What the exercise asks: Before writing anything, find the line that contains "The squat and", then retype the entries below exactly from their first line through that one, without pictures.

Stored entries:
########################################
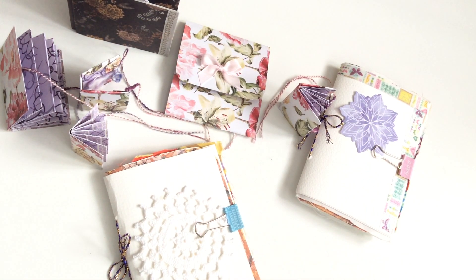Just a cute little section of junk journaling for you — hope you've enjoyed. Do subscribe and tick the like button, and there's plenty more to come. Have fun, thank you!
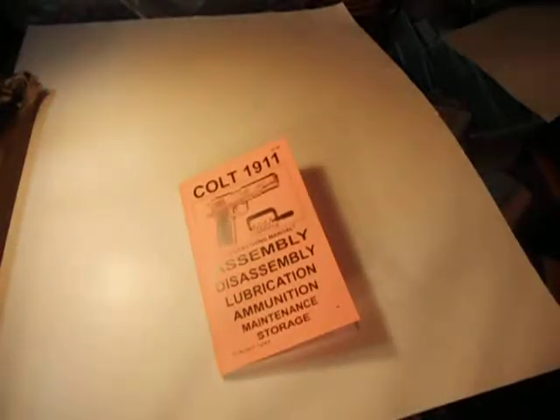Colt 1911 — brand new book. This is the first time it's ever been opened up, just to make this video.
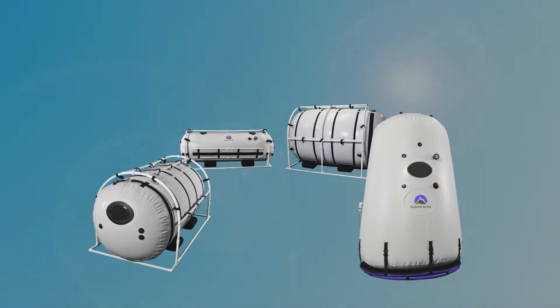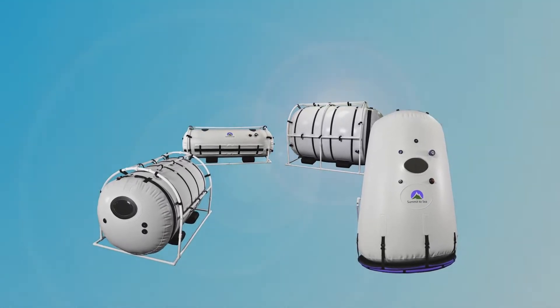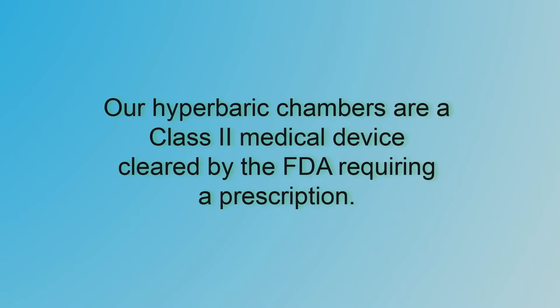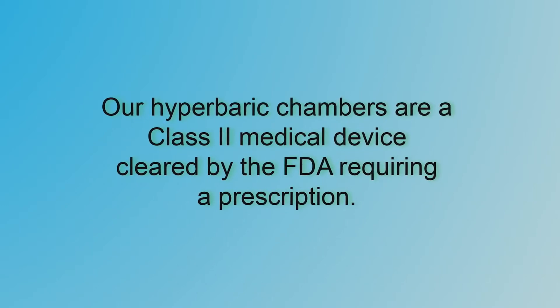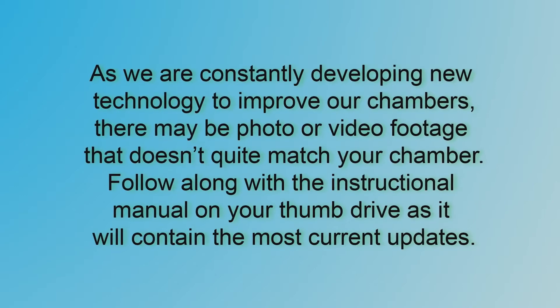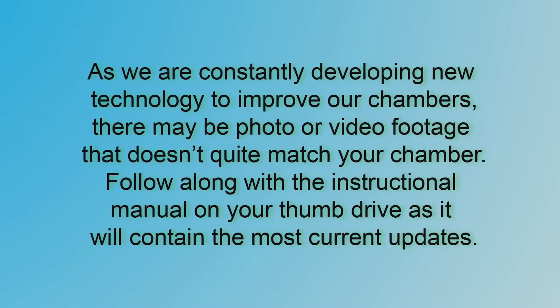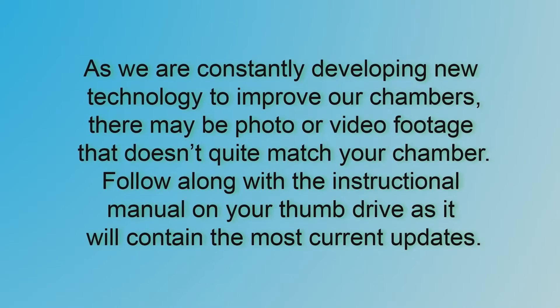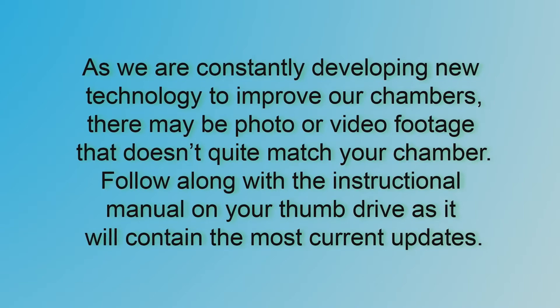Now that you have all the equipment to begin your treatments, it is extremely important to watch this entire video and read the manual that was included on a thumb drive in your packet before operating your chamber. Our hyperbaric chambers are a class 2 medical device cleared by the FDA requiring a prescription. As we are constantly developing new technology to improve our chambers, there may be photo or video footage that doesn't quite match your chamber. Follow along with the instructional manual on your thumb drive as it will contain the most current updates.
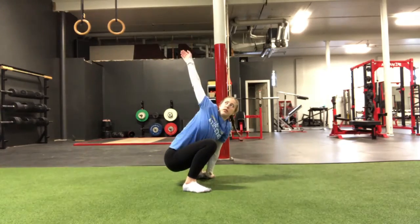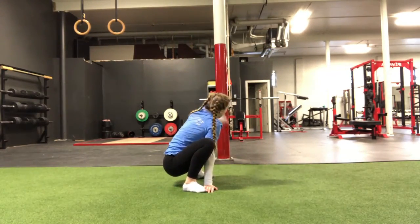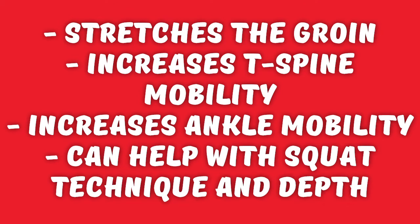The squat and reach can stretch the muscles of the groin and the adductors, increase T-spine mobility, and increase ankle mobility. It can also help with your squat technique and the ability to reach depth.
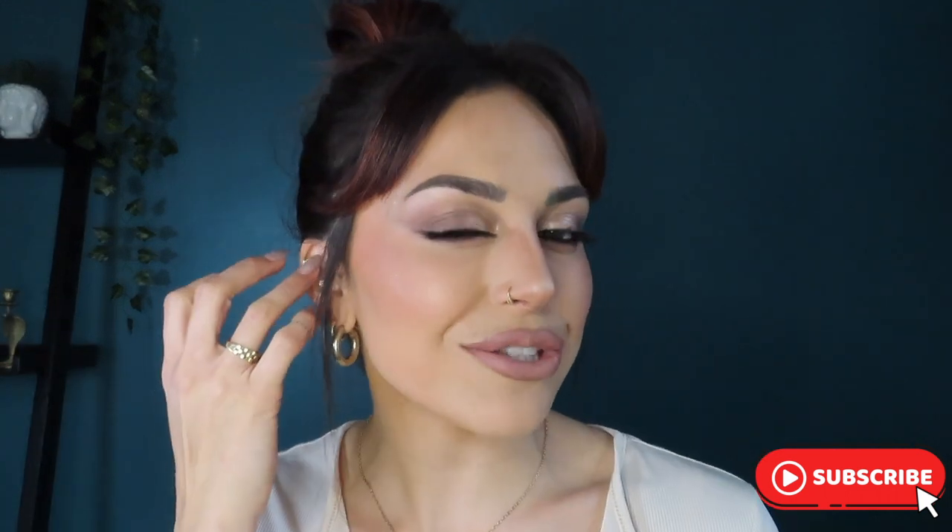We did the whole skin routine on camera as well. So if you think that the eyes or the skin is pretty, then keep watching. But before we get started, please do subscribe to my channel and set the little notifications bell so you know when I post stuff like this. And like this video if you already like the look. I'll stop blabbing and asking you to do things. Let's get started.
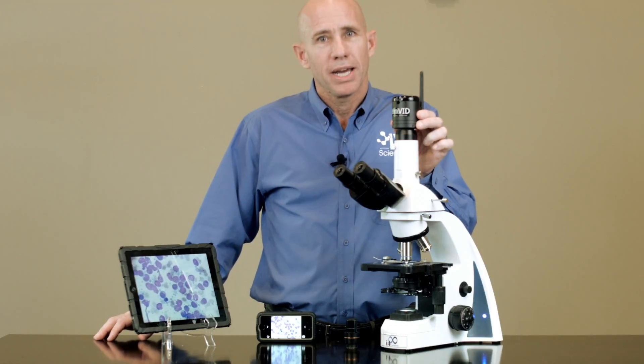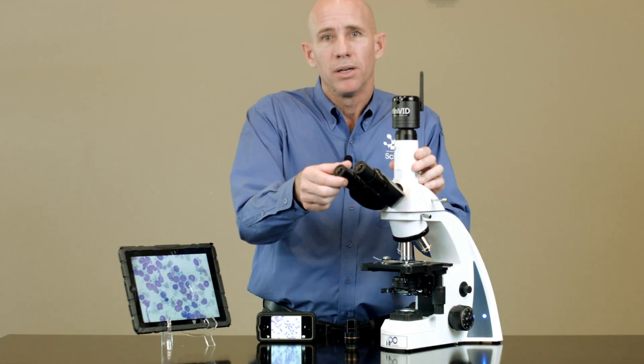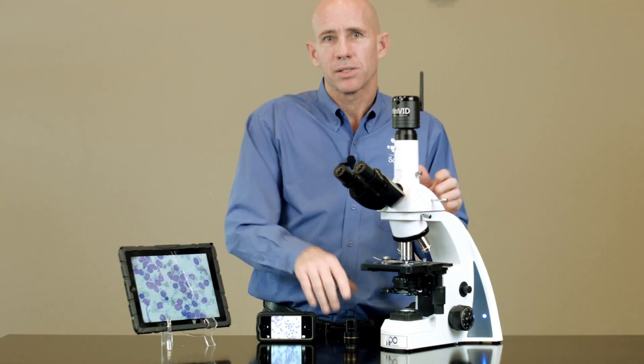Mount this 5 megapixel camera onto any trinocular head, or even into the eye tube of any microscope using the optional eye tube adapter, for instant images on multiple devices at the same time.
########################################
Response for this exercise:
Just a cute little section of junk journaling for you — hope you've enjoyed. Do subscribe and tick the like button, and there's plenty more to come. Have fun, thank you!
Colt 1911 — brand new book. This is the first time it's ever been opened up, just to make this video.
Now that you have all the equipment to begin your treatments, it is extremely important to watch this entire video and read the manual that was included on a thumb drive in your packet before operating your chamber. Our hyperbaric chambers are a class 2 medical device cleared by the FDA requiring a prescription. As we are constantly developing new technology to improve our chambers, there may be photo or video footage that doesn't quite match your chamber. Follow along with the instructional manual on your thumb drive as it will contain the most current updates.
The squat and reach can stretch the muscles of the groin and the adductors, increase T-spine mobility, and increase ankle mobility. It can also help with your squat technique and the ability to reach depth.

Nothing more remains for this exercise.